National recognition was not long in coming, with a place in the winning New Zealand women’s team at the 2016 Inter-Pacific champs, held in her home waters of the Bay of Islands.

“I started competing for New Zealand when I was 14. I think I was the youngest to make the team, or youngest to win the Inter-Pacifics, because our team won it that year. Which was pretty cool as a young kid.”

Already Alex’s spearfishing addiction has taken her to an assortment of global destinations, including Missouri, Guam, Hawaii, and to Victoria’s Port Fairy for the Australian Spearfishing Champs in March, where she cleaned up with the women’s and junior titles.  Then it was Eden on New South Wales’ southern coast in early May for this year’s Inter-Pacifics, where the kiwis gave the home team a good run for their money.

Big plans are in place for next year too, with a goal to try her luck in Mediterranean waters off the coast of Italy at the 32nd World Spearfishing Champs.

“Last year was the first year they let females compete in the World Saltwater titles. So I’m trying to make the team to head over there to Sardinia for next year.”

In a traditionally male dominated sport, Alex is doing what she can to raise its profile for women.

“Females haven’t really pushed themselves as hard to compete at that level because it’s fairly new to us but I’m trying to let people know that girls can compete just as well as men can.

“Now quite a few females are getting into it, which is really cool to see.”

In March Alex and partner Gemma Shields achieved a noteworthy tenth place at the World Freshwater Champs in Taupo.

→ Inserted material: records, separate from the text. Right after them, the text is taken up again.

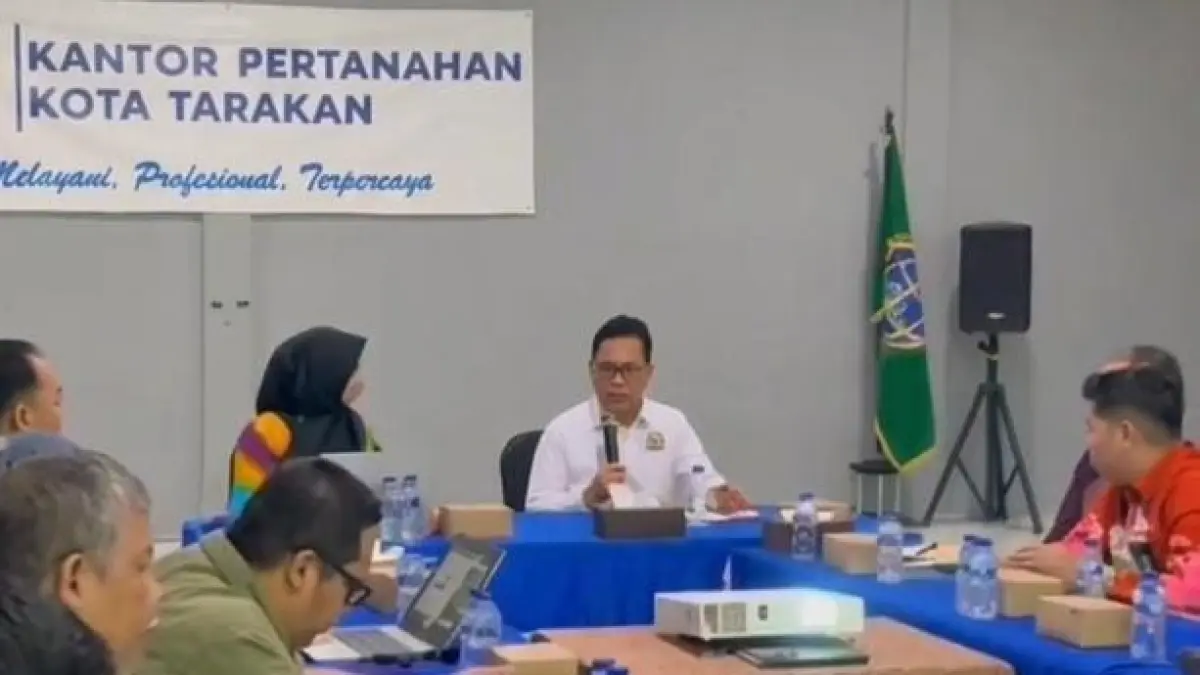 KUNKER: Ketua PURT DPD/MPR-RI H. Hasan Basri, M.H., saat melakukan kunjungan kerja dengan jajaran Kantor Pertanahan Kota Tarakan. AGUS DIAN ZAKARIA/RADAR TARAKAN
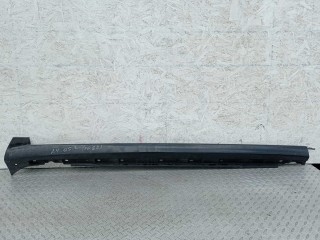 Порог пластиковый левый Audi A4 2000-2006, седан, 8E0853859A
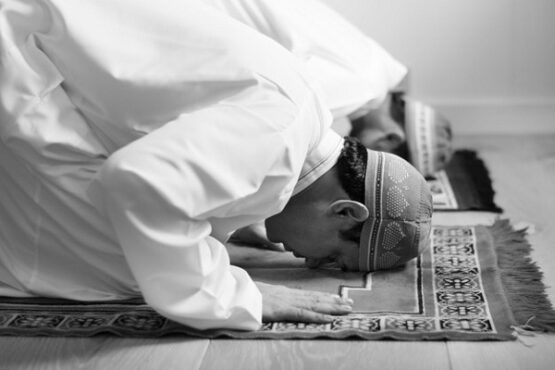 Ilustrasi orang beribadah. (Freepik.com) ibadah Dzulhijjah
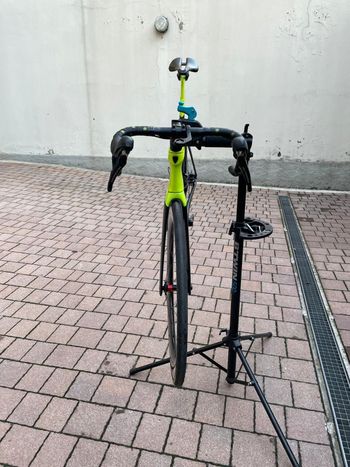 Used Trek Madone SL 6 Disc 2020 2020 Road & Gravel — image 4 of 17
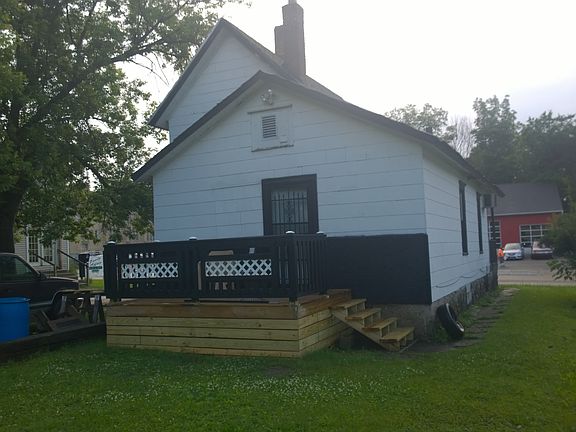 3rd image of 355 Capital Ave SW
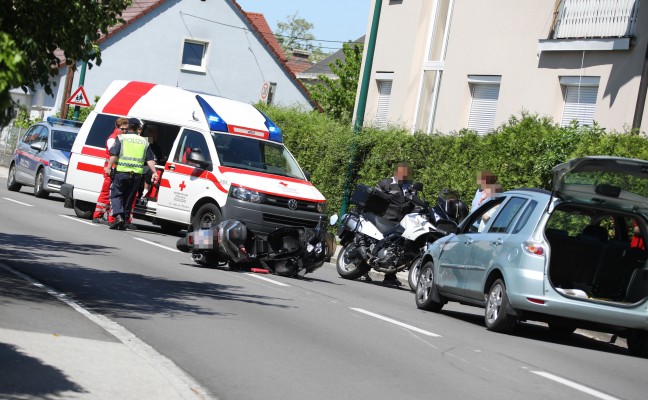 Verkehrsunfall zwischen PKW und Motorrad in Wels-Pernau endet glimpflich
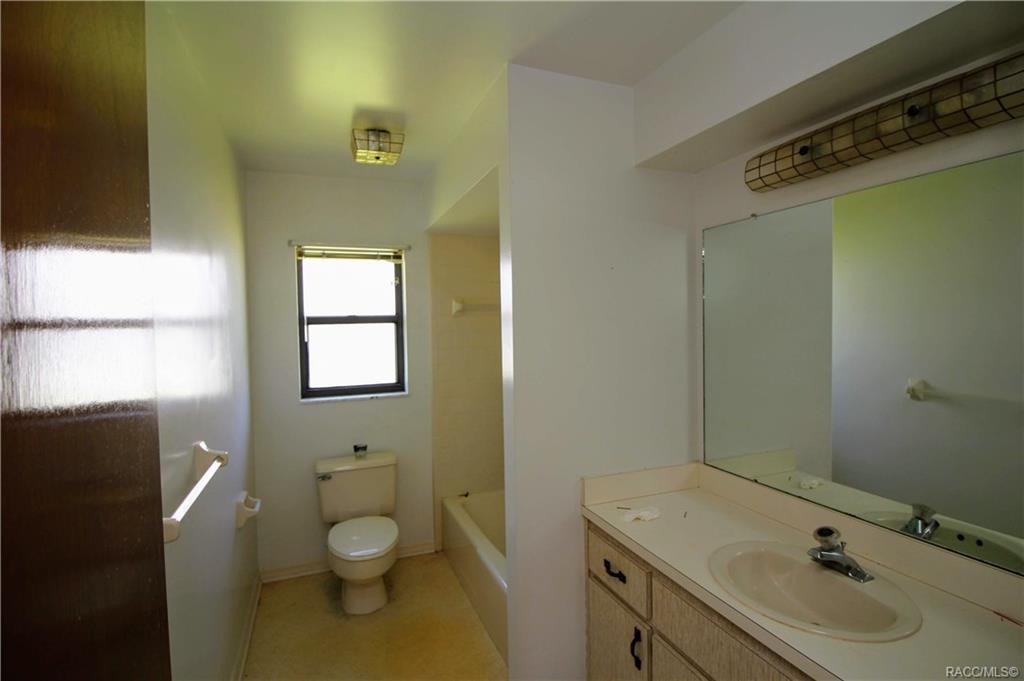 home for sale at 5120 S Mystic Point, Homosassa, FL 34448 in Riverhaven Village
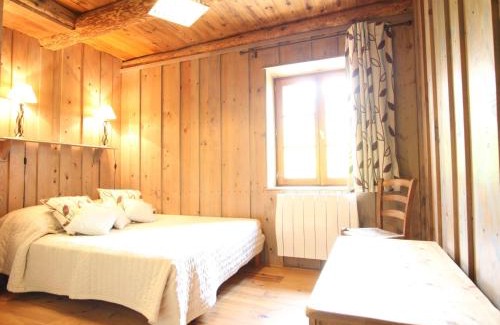 Aurec-sur-Loire House | Charmante Maison de Ferme avec Cour Fermée, Proche Loisirs et Nature - FR-1-582-191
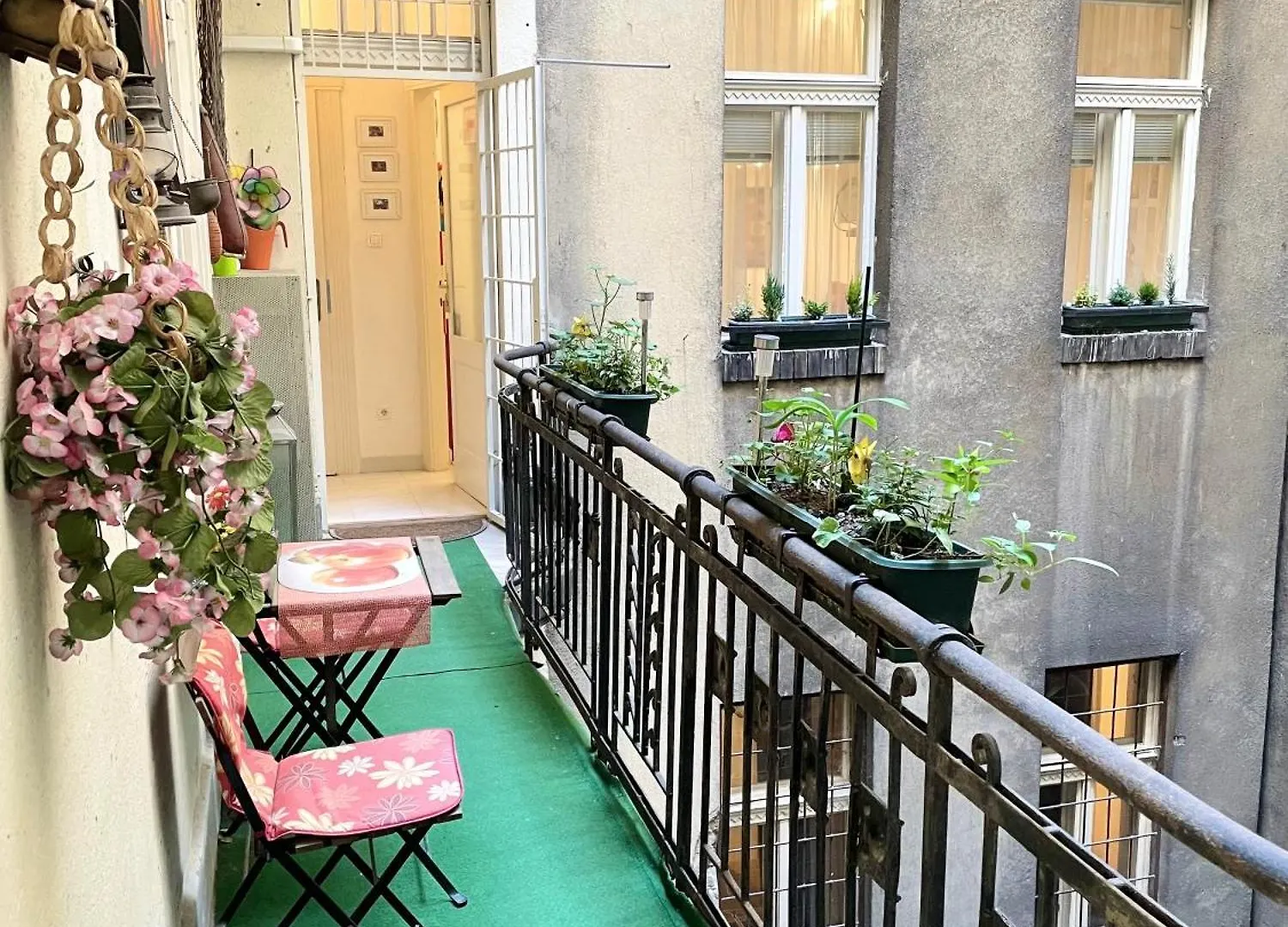 Rainbow Pearl Apartment At St Stephen' S Basilica 0*, Budapest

It’s just one of many cool locations she’s fished in her home country, from the very top of the North Island and Three Kings Islands to Fiordland.

Bay of Plenty’s welcoming waters are next on the to-do list for some serious exploration this year, she says.  It’s a gap year for her after graduating from Kerikeri High School, before heading into serious study - probably something to do with aquaculture at Otago University - next year, so there’s a lot of travel, spearfishing, and adventure to be packed into it.

So what is it about the sport of spearfishing that’s got Alex hooked?

“I guess it’s the fact that it’s quite a challenge, a personal challenge, and it’s a freedom.  You’re venturing into a place that’s mostly untouched by a lot of people and you get to explore pretty much a new world.

“The adventure part of it is probably my favourite - exploring new places.

As a competitor who’s already brought home prestigious titles in the sport Alex is clear on the skills needed to succeed.

“Knowing how to hunt is the biggest one. A lot of people think it’s all about being able to hold your breath for a long time and dive deep but it’s really just about the hunt. If you can find fish you can find fish anywhere. You don’t really need to dive deep to get most fish, it’s just about finding them.

“Knowing where they’re hiding and getting to understand how different fish react and where they live.”

Blending into the environment and making yourself as inconspicuous as possible are crucial skills too.

“You’ve got to be really quiet, stay really still with a lot of fish and make yourself look interesting for them so they come and see you but also not scare them away.

“You just have to look really chill and relaxed.”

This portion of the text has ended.